Roll out your Purview policies in stages

Move to enforcement in stages:

  1. Run new policies in simulation mode and compare matches against your file policies.
  2. Enforce for a small pilot group and confirm the actions and user experience.
  3. Expand enforcement to your whole organization once the pilot is stable.

Verify your migration

After you create your Purview policies, check that your protection is complete:

  1. Compare the number and scope of your new Purview policies with your file policy inventory.
  2. Check that all sensitive information types and labels are included.
  3. Run Purview DLP policies in simulation mode and compare results with your active file policies.

Decommission your file policies

After your Purview policies run successfully and provide equivalent protection, retire your file policies:

  1. Export or take screenshots of each file policy's configuration and keep them for reference.
  2. In the Microsoft Defender portal, edit each migrated file policy and set its state to Disabled. Don't delete it yet.
  3. Monitor to confirm the Purview policies provide equivalent protection.
  4. After validation with the file policies disabled, delete each one.
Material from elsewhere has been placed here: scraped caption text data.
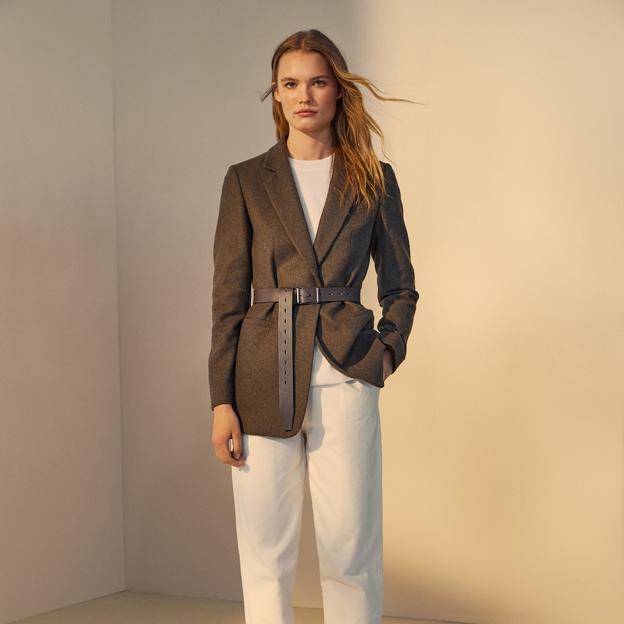 Estas 3 americanas de Massimo Dutti son tan bonitas, versátiles y favorecedoras que te servirán tanto para ir al trabajo como para salir a cenar con tus amigas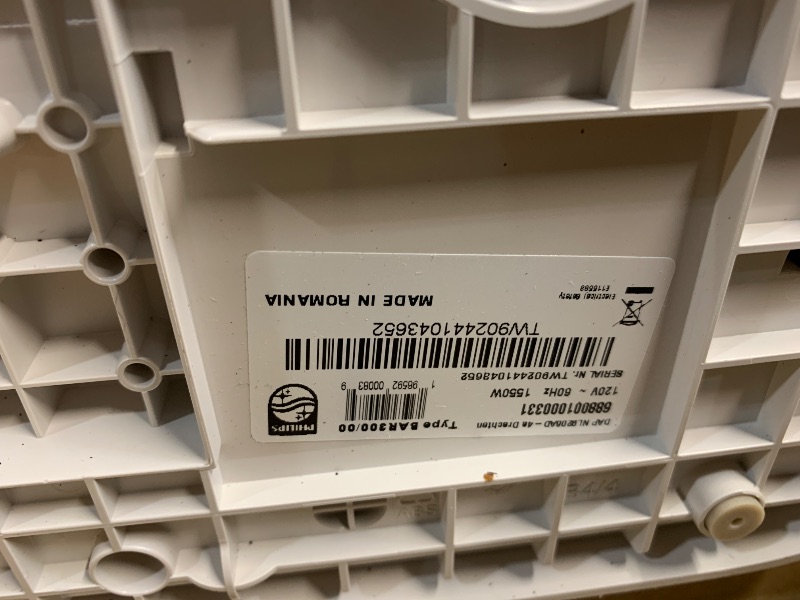 Photo 1 of ** FOR PARTS ONLY** Philips Baristina Espresso Machine, Grind, Tamp & Brew Coffee Beans in One Swipe, Compact, 16 Bar Pump Pressure, Automatic Grinder, Natural White with White Portafilter (BAR300/00)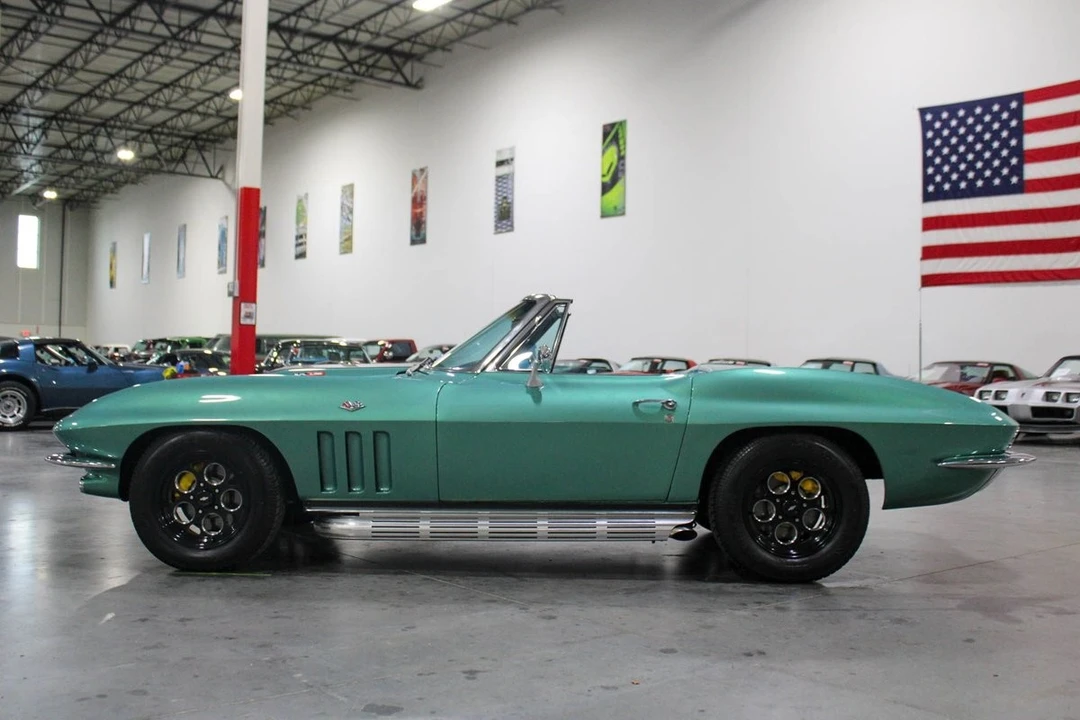 1966 Chevrolet Corvette C2 - Image 3 of 12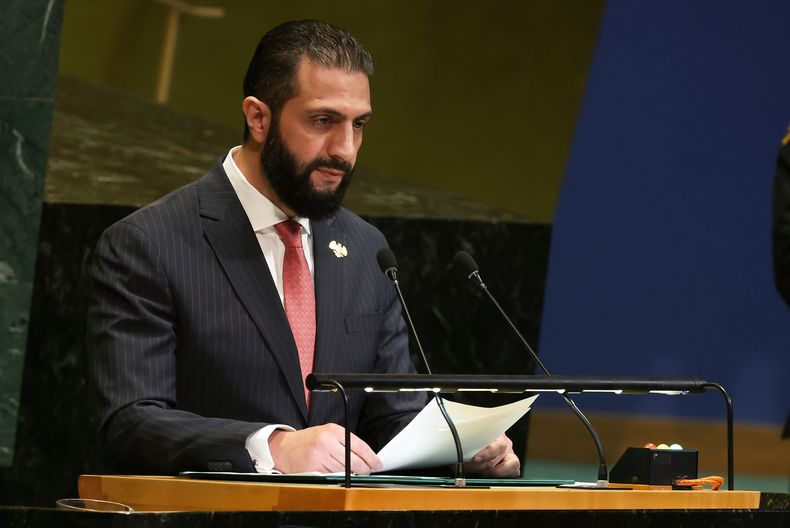El presidente de Siria, Ahmad Al-Sharaa, habla durante la 80ª sesión de la Asamblea General de las Naciones Unidas, el miércoles 24 de septiembre de 2025, en la sede de la ONU. (AP Foto/Heather Khalifa)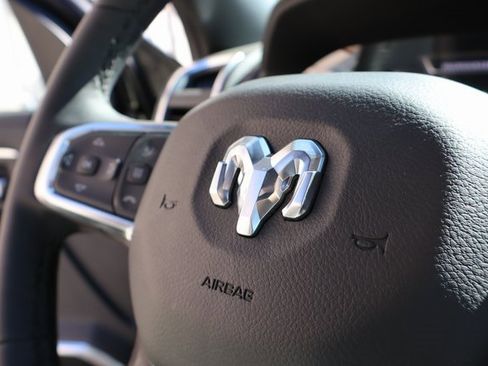 Used 2025 RAM 2500 Laramie w/ Night Edition image 33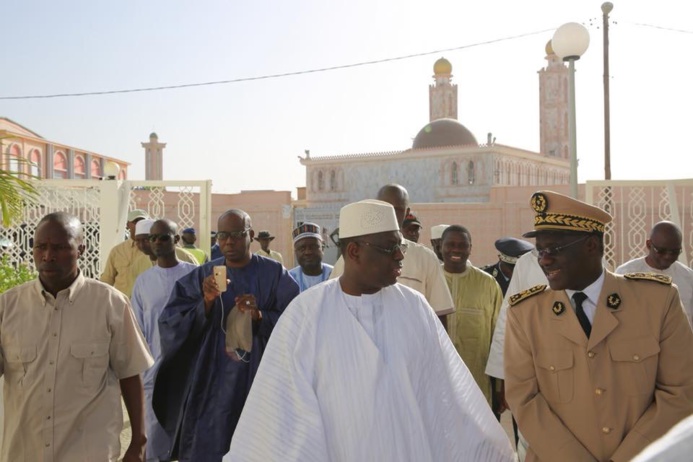 PHOTOS - TIVAOUANE - Rappel à Dieu de Sokhna Fatsy Mansour - Macky Sall présente ses condoléances à la Famille SY PHOTOS - TIVAOUANE - Rappel à Dieu de Sokhna Fatsy Mansour - Macky Sall présente ses condoléances à la Famille SY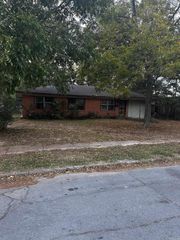 2602 Shady Grove, Pine Bluff, AR 71603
Find alerts and activity after migration

Use these locations to review policy matches and activity after migration:

Data Location
DLP policy matches and alerts Microsoft Purview portal > Data loss prevention > Alerts
Activity history Microsoft Purview portal > Data loss prevention > Activity explorer
Auto-labeling matches Microsoft Purview portal > Information protection > Auto-labeling > policy > Items to review
Incidents Microsoft Defender portal > Incidents & alerts

Troubleshooting

Issue Cause Resolution
DLP policy doesn't match the expected files Sensitive information type confidence level is too high, or the location scope is incorrect Lower the confidence level and confirm all relevant sites are in scope.
Too many false positives The sensitive information type is too broad, or it's missing supporting context Use a higher confidence level and add keyword lists to custom sensitive information types.
Auto-labeling doesn't apply labels The label isn't published to users, or simulation is still running Confirm the label is published and review the auto-labeling simulation results.
Alerts aren't generated Incident reports aren't enabled, or alert recipients aren't configured Enable incident reports in the rule and confirm the recipients.
Policy matches but the action isn't enforced The policy is still in test or simulation mode Turn the policy on after you validate the results.